◆ About this task
After finding the line with "Amasyada tansiyon hastası, paletli" in the entries below, retype exactly each line from there through the line with "French Elegante Mid-Century", including that final line.

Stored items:
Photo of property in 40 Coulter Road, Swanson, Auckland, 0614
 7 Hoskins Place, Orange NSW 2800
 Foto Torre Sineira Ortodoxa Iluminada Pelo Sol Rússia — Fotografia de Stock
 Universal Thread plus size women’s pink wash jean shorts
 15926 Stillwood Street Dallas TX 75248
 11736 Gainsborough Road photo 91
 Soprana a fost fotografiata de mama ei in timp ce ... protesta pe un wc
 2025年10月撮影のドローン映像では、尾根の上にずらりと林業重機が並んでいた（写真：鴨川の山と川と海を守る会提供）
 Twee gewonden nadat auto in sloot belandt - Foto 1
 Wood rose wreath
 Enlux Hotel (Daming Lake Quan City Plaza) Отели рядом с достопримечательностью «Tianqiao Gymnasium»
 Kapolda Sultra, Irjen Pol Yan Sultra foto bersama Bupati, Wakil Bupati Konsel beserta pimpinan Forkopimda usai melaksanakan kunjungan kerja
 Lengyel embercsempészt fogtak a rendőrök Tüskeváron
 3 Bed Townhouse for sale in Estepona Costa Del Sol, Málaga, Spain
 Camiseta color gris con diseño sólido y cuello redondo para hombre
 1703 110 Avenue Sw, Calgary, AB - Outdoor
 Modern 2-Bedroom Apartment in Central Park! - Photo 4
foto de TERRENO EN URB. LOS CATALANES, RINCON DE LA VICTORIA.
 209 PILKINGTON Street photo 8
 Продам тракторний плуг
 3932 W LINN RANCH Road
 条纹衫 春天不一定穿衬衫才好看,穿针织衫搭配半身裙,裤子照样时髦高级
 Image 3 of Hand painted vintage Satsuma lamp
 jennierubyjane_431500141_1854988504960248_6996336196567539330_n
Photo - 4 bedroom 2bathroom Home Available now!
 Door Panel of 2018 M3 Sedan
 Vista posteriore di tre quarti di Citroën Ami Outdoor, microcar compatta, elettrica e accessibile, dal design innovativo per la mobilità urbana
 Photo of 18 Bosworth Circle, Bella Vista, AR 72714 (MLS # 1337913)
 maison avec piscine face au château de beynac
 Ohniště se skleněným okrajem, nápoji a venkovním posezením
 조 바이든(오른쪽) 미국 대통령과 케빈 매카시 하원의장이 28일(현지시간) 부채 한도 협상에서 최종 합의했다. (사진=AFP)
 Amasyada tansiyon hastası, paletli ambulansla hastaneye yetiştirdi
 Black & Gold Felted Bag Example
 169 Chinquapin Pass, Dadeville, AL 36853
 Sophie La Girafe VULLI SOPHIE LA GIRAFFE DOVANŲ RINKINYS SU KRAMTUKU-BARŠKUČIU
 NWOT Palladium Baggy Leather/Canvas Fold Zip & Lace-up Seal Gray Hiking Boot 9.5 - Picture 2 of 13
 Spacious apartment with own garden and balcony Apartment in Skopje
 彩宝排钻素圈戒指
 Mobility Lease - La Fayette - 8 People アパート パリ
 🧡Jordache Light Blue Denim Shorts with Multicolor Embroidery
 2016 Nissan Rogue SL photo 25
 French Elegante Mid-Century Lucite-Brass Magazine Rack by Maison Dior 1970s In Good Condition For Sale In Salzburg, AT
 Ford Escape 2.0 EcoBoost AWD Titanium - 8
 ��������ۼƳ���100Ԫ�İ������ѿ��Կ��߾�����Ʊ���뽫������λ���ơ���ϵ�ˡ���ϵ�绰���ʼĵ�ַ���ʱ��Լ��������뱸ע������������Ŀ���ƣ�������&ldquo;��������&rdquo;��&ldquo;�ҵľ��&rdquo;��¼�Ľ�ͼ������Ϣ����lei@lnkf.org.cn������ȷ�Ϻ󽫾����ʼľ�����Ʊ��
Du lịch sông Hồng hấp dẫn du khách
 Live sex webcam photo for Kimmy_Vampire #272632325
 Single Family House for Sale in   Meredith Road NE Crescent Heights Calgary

◆ Answer section
 Amasyada tansiyon hastası, paletli ambulansla hastaneye yetiştirdi
 Black & Gold Felted Bag Example
 169 Chinquapin Pass, Dadeville, AL 36853
 Sophie La Girafe VULLI SOPHIE LA GIRAFFE DOVANŲ RINKINYS SU KRAMTUKU-BARŠKUČIU
 NWOT Palladium Baggy Leather/Canvas Fold Zip & Lace-up Seal Gray Hiking Boot 9.5 - Picture 2 of 13
 Spacious apartment with own garden and balcony Apartment in Skopje
 彩宝排钻素圈戒指
 Mobility Lease - La Fayette - 8 People アパート パリ
 🧡Jordache Light Blue Denim Shorts with Multicolor Embroidery
 2016 Nissan Rogue SL photo 25
 French Elegante Mid-Century Lucite-Brass Magazine Rack by Maison Dior 1970s In Good Condition For Sale In Salzburg, AT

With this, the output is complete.